Regardless of where you are in the grand scheme of ‘Nigeria’ the new Finance Bill is going to affect you one way or another. Here are the things you need to know to have an easy sail whether you are a business owner, consumer or decision-maker. First, let’s run through the quick facts
Do you know that the Nigerian economy is largely driven by the telecommunications, agriculture and trade sectors? The World Bank and IMF have projected the growth rate between 2.2% and 2.3% if the execution of policy reforms are implemented and uncertainty is minimized.
Overview
To ensure uncertainty and continue the path of a stable economy, the President amended the Nigerian Tax Laws all contained in the Finance Bill and the bill is supposed to do the following
- Promote fiscal equality
- align local tax laws with international standards
- introduce tax incentives for investments in infrastructure and capital markets
- Support Small and Medium Scale Enterprises and;
- Raise revenue for the Federal Government
So here are the Major Highlights
CIT – Company Income Tax
For business owners with registered companies, the benchmarked 30% will remain for Large scale Businesses earning ₦100 million or above in revenue, while Medium Scale Businesses generating revenue within the ₦25 – ₦100 million range will pay 20% tax while small scale businesses earning below the 25 million in revenue will pay nothing. but will be penalized if their tax returns are not filed promptly.
VAT – Value Added Tax
With the new Finance Bill in place, Companies will now pay 50,000 for the first month and 25,000 afterwards for failing to file their VAT tax returns or register for VAT.

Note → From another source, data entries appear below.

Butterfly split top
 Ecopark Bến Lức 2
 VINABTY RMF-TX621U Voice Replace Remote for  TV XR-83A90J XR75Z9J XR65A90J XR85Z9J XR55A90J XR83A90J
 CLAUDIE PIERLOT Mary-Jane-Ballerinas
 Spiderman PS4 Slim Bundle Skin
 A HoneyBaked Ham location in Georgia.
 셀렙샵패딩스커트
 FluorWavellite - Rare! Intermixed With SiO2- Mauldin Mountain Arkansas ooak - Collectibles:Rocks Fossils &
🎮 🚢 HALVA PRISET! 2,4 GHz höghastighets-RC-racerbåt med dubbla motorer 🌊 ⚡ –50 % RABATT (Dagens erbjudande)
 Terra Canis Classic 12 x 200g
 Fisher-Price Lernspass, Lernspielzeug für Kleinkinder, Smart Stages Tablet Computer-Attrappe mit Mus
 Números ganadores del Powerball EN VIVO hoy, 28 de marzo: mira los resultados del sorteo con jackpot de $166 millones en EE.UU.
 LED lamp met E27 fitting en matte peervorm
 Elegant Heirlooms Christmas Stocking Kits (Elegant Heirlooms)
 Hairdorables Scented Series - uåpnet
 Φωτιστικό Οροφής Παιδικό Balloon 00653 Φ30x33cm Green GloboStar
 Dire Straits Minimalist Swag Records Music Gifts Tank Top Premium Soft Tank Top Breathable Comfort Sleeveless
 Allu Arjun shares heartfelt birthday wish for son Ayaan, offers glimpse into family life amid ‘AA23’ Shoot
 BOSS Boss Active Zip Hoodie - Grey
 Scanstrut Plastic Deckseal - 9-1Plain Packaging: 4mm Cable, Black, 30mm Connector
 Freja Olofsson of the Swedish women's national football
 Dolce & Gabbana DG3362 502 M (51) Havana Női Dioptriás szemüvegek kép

Companies who fail to notify the FIRS of change in company address or permanent cessation of their trade or business will also pay the same amount
Group reorganizations will be exempt from VAT as long as the entities involved meet a certain specified requirement or is sold to a Nigerian company.
VAT has been increased from 5.0% to 7.5% to reduce budget deficits as well as fund the new minimum wage. Basic food items are exempt from paying VAT such as bread, cereal etc… Agro and Aqua based staple foods as well as sanitary items.
In addition, only businesses with an annual turnover of 25 million and above can register for, charge and collect VAT on its sales
PITA – Personal Income Tax Act
With the new Finance Bill in place, The Federal Inland Revenue Services (FIRS) will assume all the duties of the Joint Tax Board (JTB) with regard to administering the PITA. Pensions contributions will no longer require approval from the JTB to be tax-deductible. Also, all gratuities will now be unconditionally tax exempt.
However, withdrawal of funds from pensions scheme will now no longer be tax-exempt and finally, child relief for families up to 4 and dependents (2 maximum) will no longer exist.
All banks will be mandated to request the Tax Identification Number of each individual to continue to operate their accounts.
Email correspondence will now be a viable channel to correspond with taxpayers and failure to tax-deduct will incur 10% on funds not taxed.